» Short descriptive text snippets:
^^^^

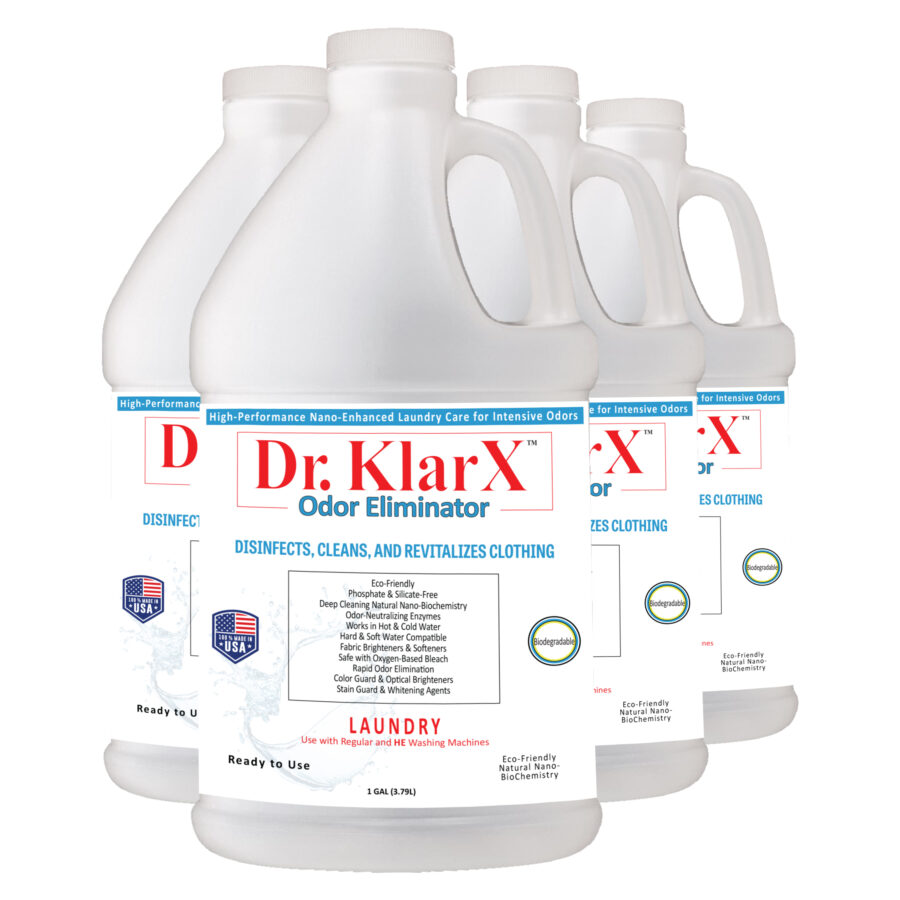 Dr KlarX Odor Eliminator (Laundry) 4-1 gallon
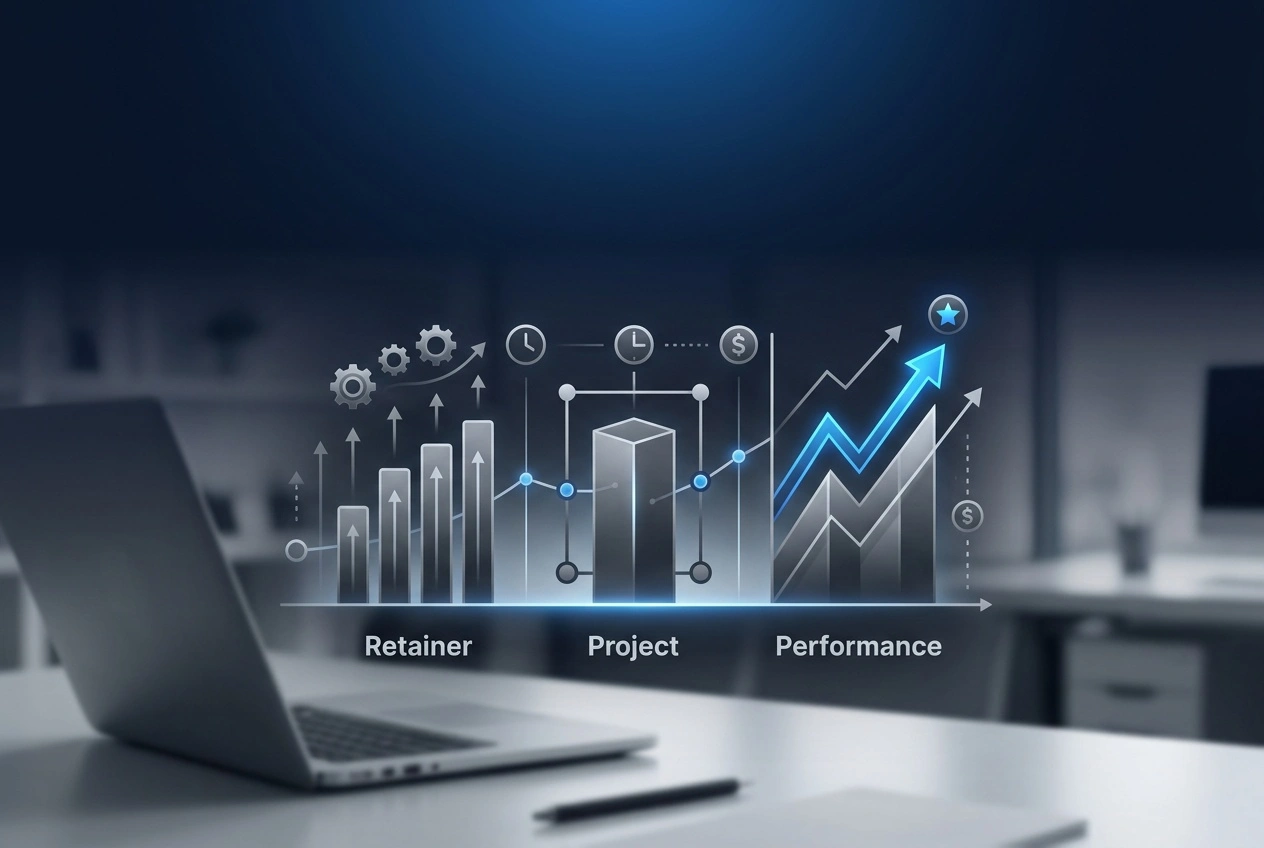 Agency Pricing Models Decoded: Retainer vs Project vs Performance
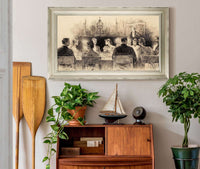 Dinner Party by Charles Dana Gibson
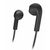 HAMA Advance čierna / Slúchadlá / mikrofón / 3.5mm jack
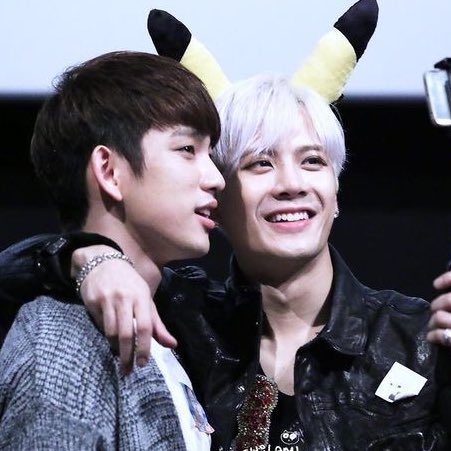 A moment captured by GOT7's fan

^^^^

» EXERCISE DESCRIPTION:
Set down all entries above again, exactly, without images.

» TASK ANSWER:
 Dr KlarX Odor Eliminator (Laundry) 4-1 gallon
 Agency Pricing Models Decoded: Retainer vs Project vs Performance
 Dinner Party by Charles Dana Gibson
 HAMA Advance čierna / Slúchadlá / mikrofón / 3.5mm jack
 A moment captured by GOT7's fan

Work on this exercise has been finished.